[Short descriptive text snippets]
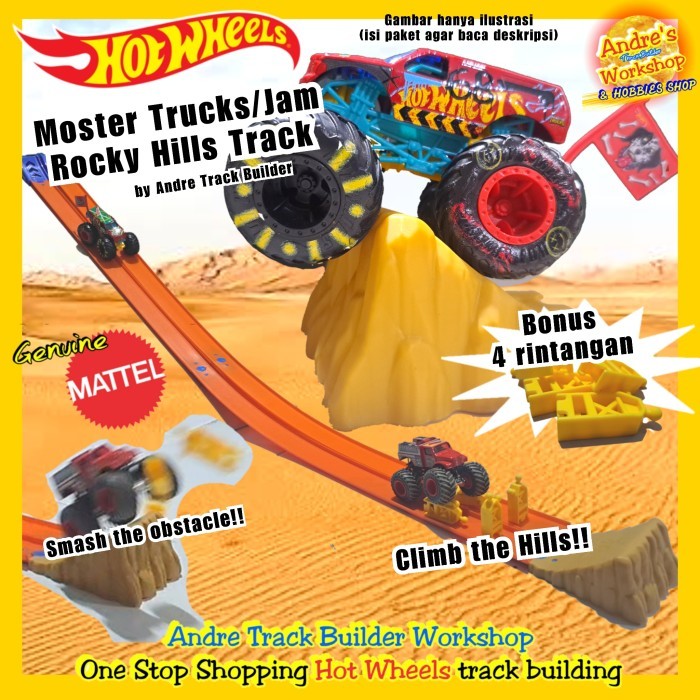 Terhemat Hotwheels Track Monster Truck Ori Mattel Hot Wheels Track Monster Jam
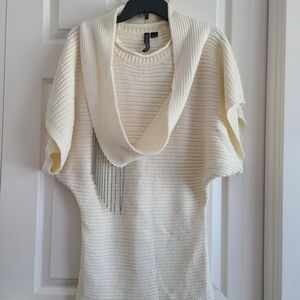 Nine West Cream Cowl Neck Sweater
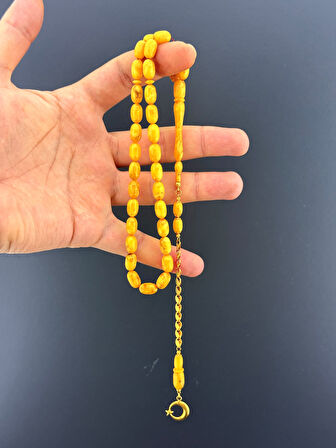 14 K ALTIN PÜSKÜL 13,5 GR RUS KALİNİNGRAD DAMLA KAPSÜL KESİM 7X11,25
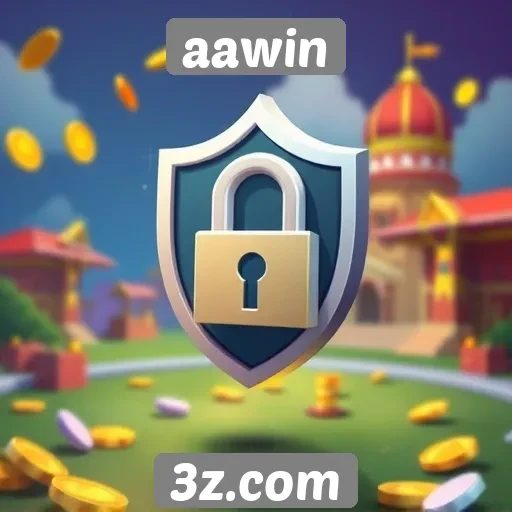 A análise da segurança no site de jogos aawin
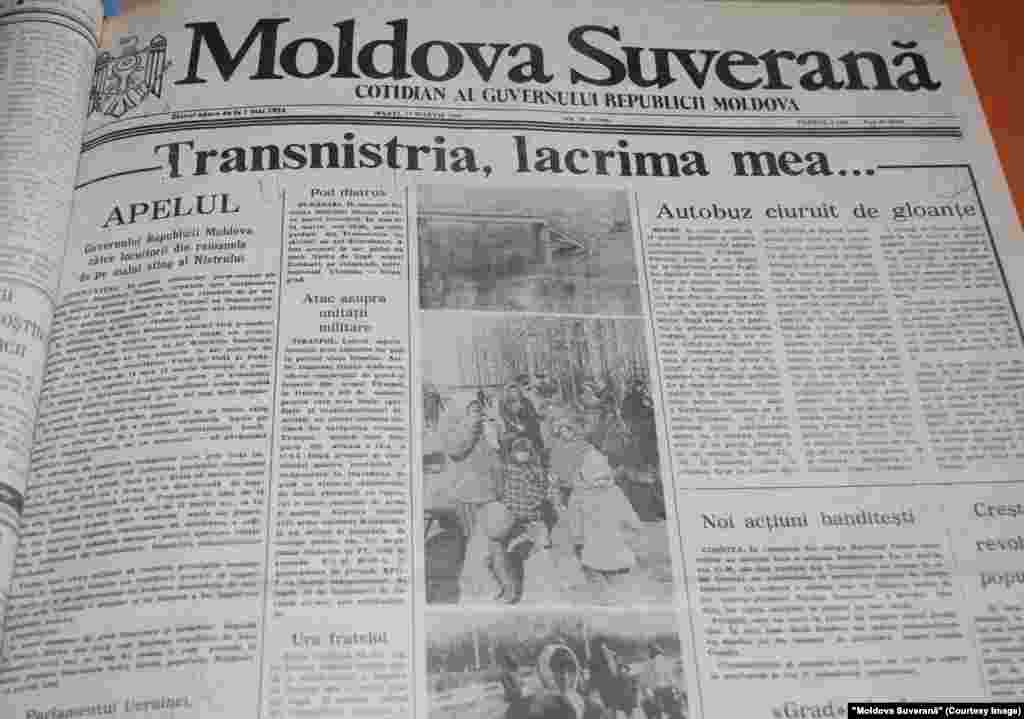 &quot;Moldova Suverană&quot;, 17 martie 1992, război la Nistru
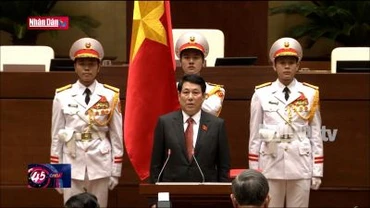 Đồng chí Lương Cường được Quốc hội bầu giữ chức Chủ tịch nước
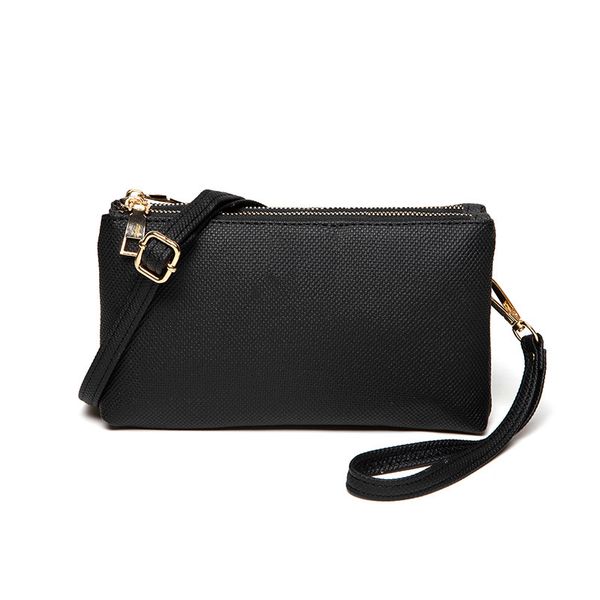 

brand designer two zippers shoulder bags wallets purse clutch with wristlets bags crossbody cross body pu clutch bag handbags 8ap83342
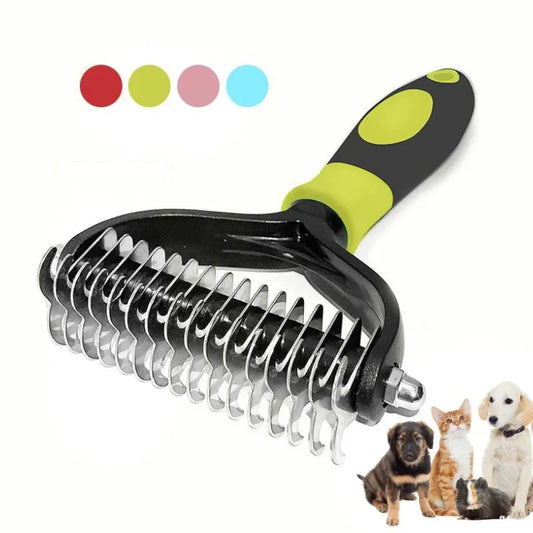 Pet Dog Hair Remover Dog Brush Stainless Steel Cat Comb Grooming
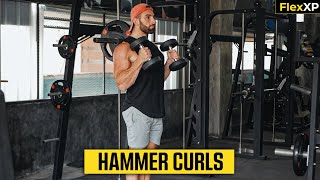 Standing Hammer Curl Form amp Tutorial Guide 30 Seconds  FlexXP [upl. by Myrtia878]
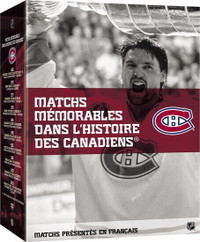 MATCHS MÉMORABLES DANS L'HISTOIRE DES CANADIENS (10 DVD)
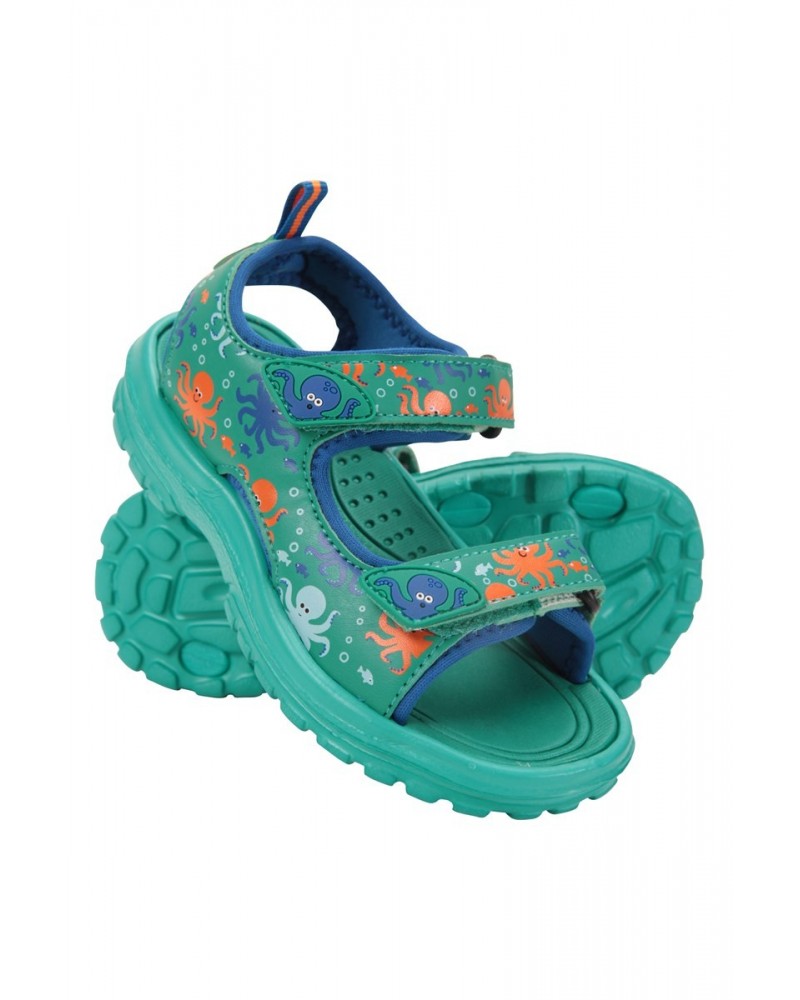 Sand Kids Sandals Green $11.95 Swimwear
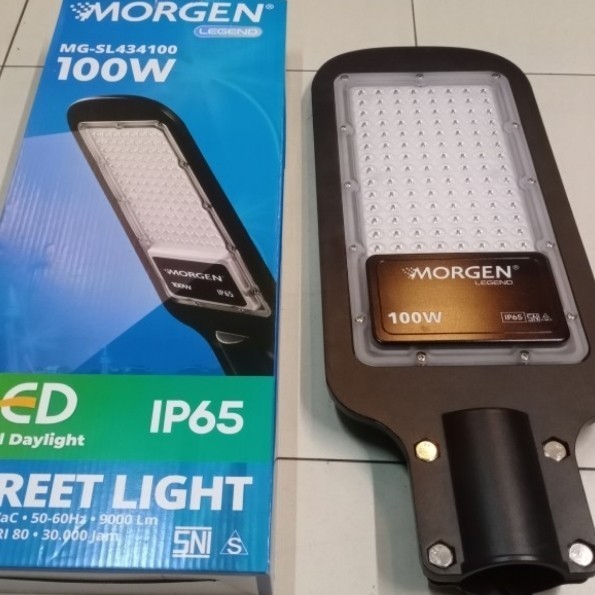 Lampu PJU 30W 50W 100W LED MORGEN MG-SL434050 Lampu Jalan AC220V - 30WATT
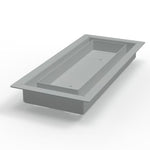 2x72 Classic Drop-in Air Vent, Flush Floor-Matching, All Metal, Floor Vent Cover (72x2)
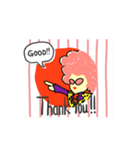 ピンクアフロ（個別スタンプ：23）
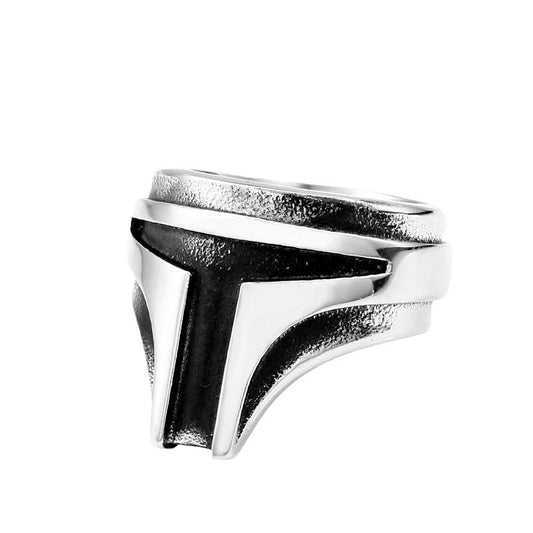 Retro T-Word Engraved Titanium Steel Ring for Men - Stylish Wholesale Jewelry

Work item:
Only the lines from the one containing "Pet Dog Hair" through the end of the records are wanted, set down exactly and without their pictures.

Response to this exercise:
 Pet Dog Hair Remover Dog Brush Stainless Steel Cat Comb Grooming
 Standing Hammer Curl Form amp Tutorial Guide 30 Seconds  FlexXP [upl. by Myrtia878]
 MATCHS MÉMORABLES DANS L'HISTOIRE DES CANADIENS (10 DVD)
 Sand Kids Sandals Green $11.95 Swimwear
 Lampu PJU 30W 50W 100W LED MORGEN MG-SL434050 Lampu Jalan AC220V - 30WATT
 2x72 Classic Drop-in Air Vent, Flush Floor-Matching, All Metal, Floor Vent Cover (72x2)
 ピンクアフロ（個別スタンプ：23）
 Retro T-Word Engraved Titanium Steel Ring for Men - Stylish Wholesale Jewelry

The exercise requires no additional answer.